Server Clustering and Storage – Hyper Converged BRK3324

Hello all,

Microsoft Ignite was held in Orlando, Florida from September 25th to the 29th last year. If, like me, you were unable to attend, you will probably, like me, be digging through all the sessions to get all the latest news and information. Like me, your time is probably limited and since the Ignite session videos are anywhere from forty-five minutes to an hour and a half, the number of sessions one can get through are probably few, if any.

I will be putting together a series of posts that summarize the videos and presentations that I hope will help you get the most out of the sessions without having to watch the entire video.

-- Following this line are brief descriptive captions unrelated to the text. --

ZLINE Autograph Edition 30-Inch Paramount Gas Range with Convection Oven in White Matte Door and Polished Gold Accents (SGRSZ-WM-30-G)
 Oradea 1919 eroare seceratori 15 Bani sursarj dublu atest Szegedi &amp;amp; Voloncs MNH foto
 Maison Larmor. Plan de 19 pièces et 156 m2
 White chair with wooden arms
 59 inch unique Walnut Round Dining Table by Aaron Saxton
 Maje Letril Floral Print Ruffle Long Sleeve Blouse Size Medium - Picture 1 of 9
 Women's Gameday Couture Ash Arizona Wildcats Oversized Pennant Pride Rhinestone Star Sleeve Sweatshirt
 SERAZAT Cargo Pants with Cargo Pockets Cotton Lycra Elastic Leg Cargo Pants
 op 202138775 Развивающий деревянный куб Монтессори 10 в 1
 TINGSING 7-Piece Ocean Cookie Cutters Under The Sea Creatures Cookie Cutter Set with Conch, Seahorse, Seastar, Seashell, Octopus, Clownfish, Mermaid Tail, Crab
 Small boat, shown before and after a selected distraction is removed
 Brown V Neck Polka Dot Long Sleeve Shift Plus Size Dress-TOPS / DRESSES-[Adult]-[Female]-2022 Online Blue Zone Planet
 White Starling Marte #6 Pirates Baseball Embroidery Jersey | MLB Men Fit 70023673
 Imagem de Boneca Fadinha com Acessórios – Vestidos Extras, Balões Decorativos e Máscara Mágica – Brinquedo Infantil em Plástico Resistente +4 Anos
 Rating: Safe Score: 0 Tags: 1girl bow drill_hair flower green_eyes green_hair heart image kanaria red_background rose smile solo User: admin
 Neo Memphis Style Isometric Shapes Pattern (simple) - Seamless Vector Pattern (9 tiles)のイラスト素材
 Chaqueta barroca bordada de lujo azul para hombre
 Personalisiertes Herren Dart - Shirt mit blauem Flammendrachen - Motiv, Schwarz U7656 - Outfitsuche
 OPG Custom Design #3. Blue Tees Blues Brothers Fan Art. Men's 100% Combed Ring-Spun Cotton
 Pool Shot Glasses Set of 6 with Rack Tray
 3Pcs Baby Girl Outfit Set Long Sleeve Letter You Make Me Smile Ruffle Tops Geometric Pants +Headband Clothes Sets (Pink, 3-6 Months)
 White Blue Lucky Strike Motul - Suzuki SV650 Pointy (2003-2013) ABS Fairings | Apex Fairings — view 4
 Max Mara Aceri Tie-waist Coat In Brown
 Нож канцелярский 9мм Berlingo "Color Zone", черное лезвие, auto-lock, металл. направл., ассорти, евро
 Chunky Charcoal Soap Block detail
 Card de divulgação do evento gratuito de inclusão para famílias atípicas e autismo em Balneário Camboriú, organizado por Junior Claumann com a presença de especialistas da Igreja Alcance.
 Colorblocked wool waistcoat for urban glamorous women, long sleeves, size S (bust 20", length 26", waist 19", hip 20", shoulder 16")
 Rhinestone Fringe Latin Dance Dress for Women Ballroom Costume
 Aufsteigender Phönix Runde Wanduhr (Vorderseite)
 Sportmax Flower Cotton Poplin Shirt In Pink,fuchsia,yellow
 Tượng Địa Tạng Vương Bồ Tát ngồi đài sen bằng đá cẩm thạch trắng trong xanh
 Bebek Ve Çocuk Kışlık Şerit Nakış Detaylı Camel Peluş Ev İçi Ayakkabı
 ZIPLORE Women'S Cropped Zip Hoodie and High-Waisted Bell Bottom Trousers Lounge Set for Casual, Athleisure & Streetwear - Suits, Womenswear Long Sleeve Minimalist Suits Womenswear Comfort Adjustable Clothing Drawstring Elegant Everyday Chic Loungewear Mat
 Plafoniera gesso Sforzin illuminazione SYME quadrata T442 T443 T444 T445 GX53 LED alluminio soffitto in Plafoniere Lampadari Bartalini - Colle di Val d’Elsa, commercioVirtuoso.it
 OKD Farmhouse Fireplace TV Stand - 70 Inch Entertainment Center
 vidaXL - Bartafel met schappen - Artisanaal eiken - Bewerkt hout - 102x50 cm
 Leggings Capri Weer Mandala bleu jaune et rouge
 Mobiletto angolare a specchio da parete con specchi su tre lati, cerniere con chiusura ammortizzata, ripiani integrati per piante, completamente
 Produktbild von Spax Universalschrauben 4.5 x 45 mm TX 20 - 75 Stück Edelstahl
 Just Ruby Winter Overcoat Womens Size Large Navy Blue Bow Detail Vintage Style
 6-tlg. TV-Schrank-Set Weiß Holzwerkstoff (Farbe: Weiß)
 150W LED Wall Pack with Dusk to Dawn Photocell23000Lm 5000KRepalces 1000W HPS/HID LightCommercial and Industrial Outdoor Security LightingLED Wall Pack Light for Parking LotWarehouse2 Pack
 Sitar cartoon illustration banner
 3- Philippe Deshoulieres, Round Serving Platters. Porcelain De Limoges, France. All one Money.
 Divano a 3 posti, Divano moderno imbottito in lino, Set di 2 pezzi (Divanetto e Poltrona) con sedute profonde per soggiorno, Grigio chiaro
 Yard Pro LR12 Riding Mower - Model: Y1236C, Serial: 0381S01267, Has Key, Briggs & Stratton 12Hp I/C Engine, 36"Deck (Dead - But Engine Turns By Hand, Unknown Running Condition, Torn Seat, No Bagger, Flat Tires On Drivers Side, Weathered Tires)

If you have the time, I definitely recommend watching the entire video, as every session has lots of great information. I'll be calling out key times for when you will want to catch the speaker's exact wording, or if there is something extra special I want to draw your attention to.

For the first installment, we are going to cover session BRK3324 – Server Clustering and Storage – Hyper Converged. Please leave me comments, questions, and any session you would like to see covered!

This session is presented by Elden Christensen and Mallikarjun Chadalapaka, Program Managers from the High Availability Storage team from the Windows Division of Microsoft.
What's new in Windows Server clustering and storage: Hyper-converged

Hyper converged infrastructure really builds on Storage Spaces Direct (abbreviated as S2D), new technology in Server 2016 that allows users to utilize local attached drives to create highly available, highly scalable software-defined storage at a fraction of the cost of traditional SAN or NAS arrays. As my customer starts rolling out Server 2016, S2D is going to be one of my talking points as I really believe it's going to be big going forward.
2:13 - Stretch clusters are new in Server 2016,and use storage replica to bring an end to end solution around stretch clusters for high availability (HA) and disaster recovery (DR). The SQL PFE that I work with at my customer is hoping to implement stretch clusters with SQL 2016 as we implement Server 2016. About 90% of the clusters that I currently deal with are SQL, so we're really excited about the prospect of implementing stretch clusters.
4:30 – With an S2D cluster, you can create a Scale-out File Server and turn your hardware into a NAS (Network Attached Storage) device!
Scale-out file server with a Spaces Direct Cluster of three servers

With Server 2016, you can make a share with NVMe (NVMe is a communications interface/protocol developed specially for SSDs by a consortium of vendors including Intel, Samsung, Sandisk, Dell, and Seagate) on an S2D cluster. This is exciting technology, providing ridiculously fast speeds for access to shares and allows us to get the best performance out of our SSD drives now.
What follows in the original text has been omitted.